Test Your Knowledge: Answers

 

 
  1. Python 3.0 has three string types: str (for Unicode text, including ASCII), bytes (for binary data with absolute byte values), and bytearray (a mutable flavor of bytes). The str type usually represents content stored on a text file, and the other two types generally represent content stored on binary files.
  2. Python 2.6 has two main string types: str (for 8-bit text and binary data) and unicode (for wide-character text). The str type is used for both text and binary file content; unicode is used for text file content that is generally more complex than 8 bits.
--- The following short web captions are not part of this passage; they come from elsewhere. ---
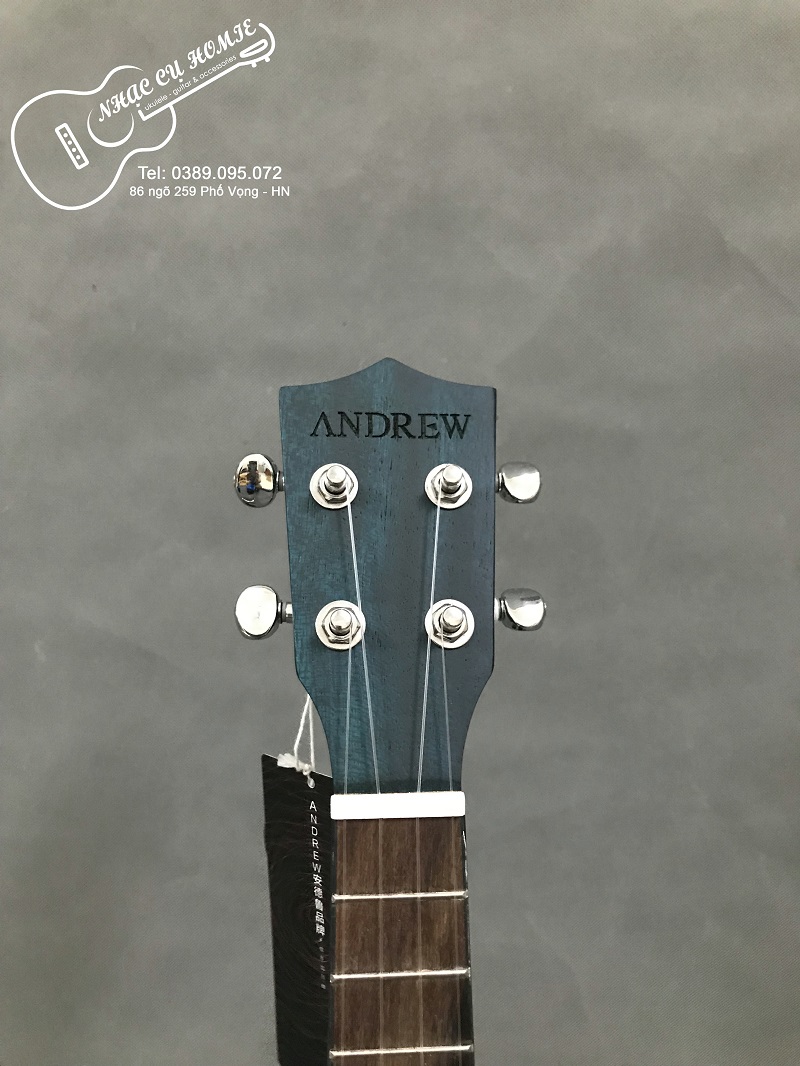 ĐÀN UKULELE CONCERT ANDREW MS15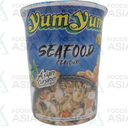 Yum Yum Instant Noodles Seafood 70g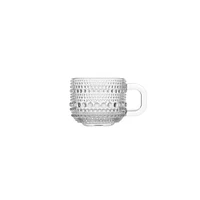 Jupiter Beaded Glass Espresso Cups (Set of 6) | West Elm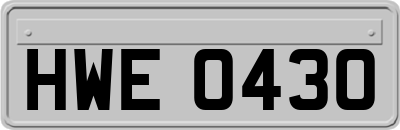 HWE0430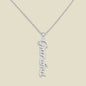 Grandma Charm Necklace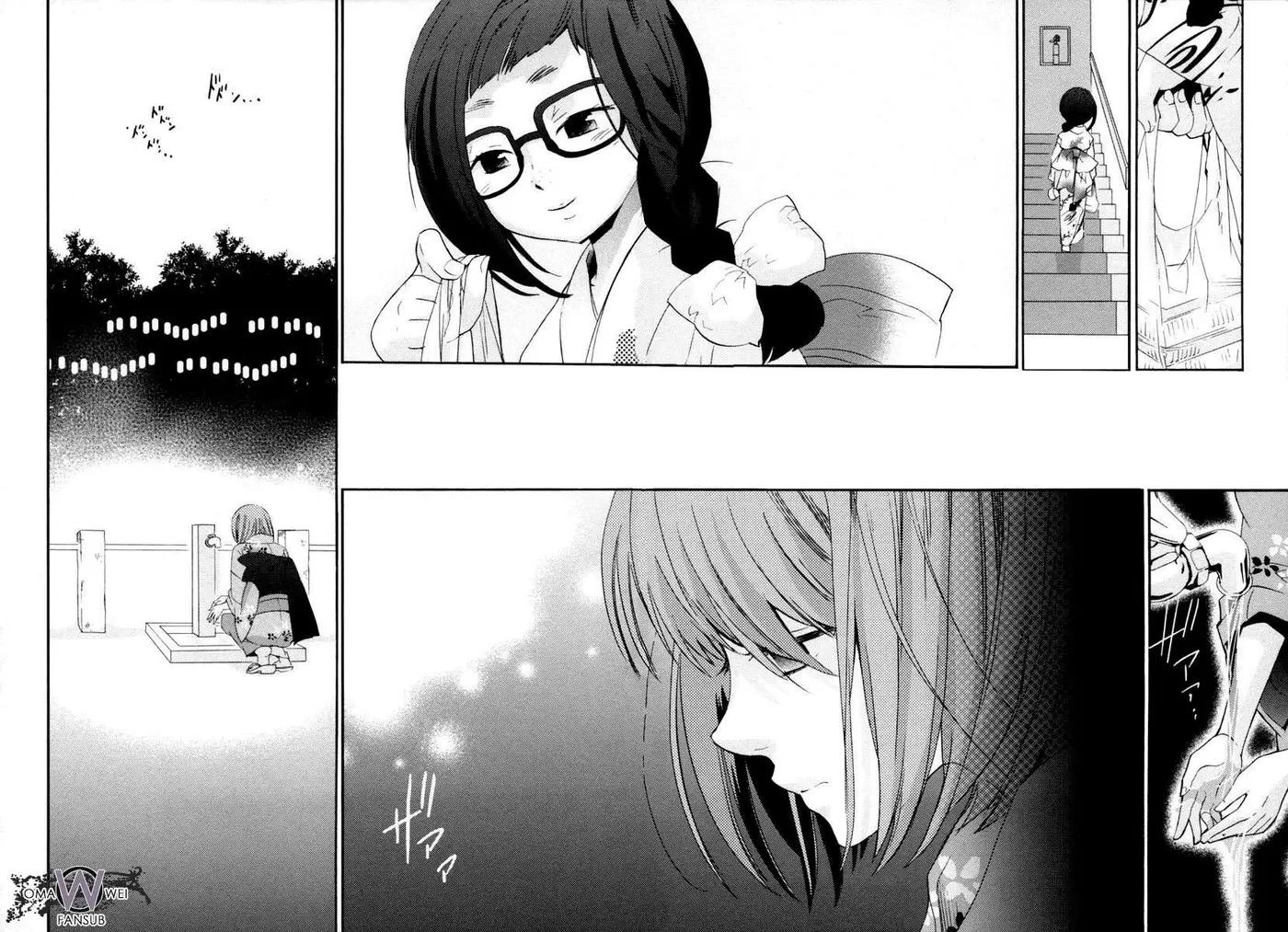 Asatte no Houkou (2005) - Capítulo 10 - Página 30 - LectorTMOo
Python 2.6 (but not earlier) also has 3.0’s bytearray type, but it’s mostly a back-port and doesn’t exhibit the sharp text/binary distinction that it does in 3.0.
  3. The mapping from 2.6 to 3.0 string types is not direct, because 2.6’s str equates to both str and bytes in 3.0, and 3.0’s str equates to both str and unicode in 2.6. The mutability of bytearray in 3.0 is also unique.
  4. Python 3.0’s string types share almost all the same operations: method calls, sequence operations, and even larger tools like pattern matching work the same way. On the other hand, only str supports string formatting operations, and bytearray has an additional set of operations that perform in-place changes. The str and bytes types also have methods for encoding and decoding text, respectively.
  5. Non-ASCII Unicode characters can be coded in a string with both hex (\xNN) and Unicode (\uNNNN, \UNNNNNNNN) escapes. On some keyboards, some non-ASCII characters—certain Latin-1 characters, for example—can also be typed directly.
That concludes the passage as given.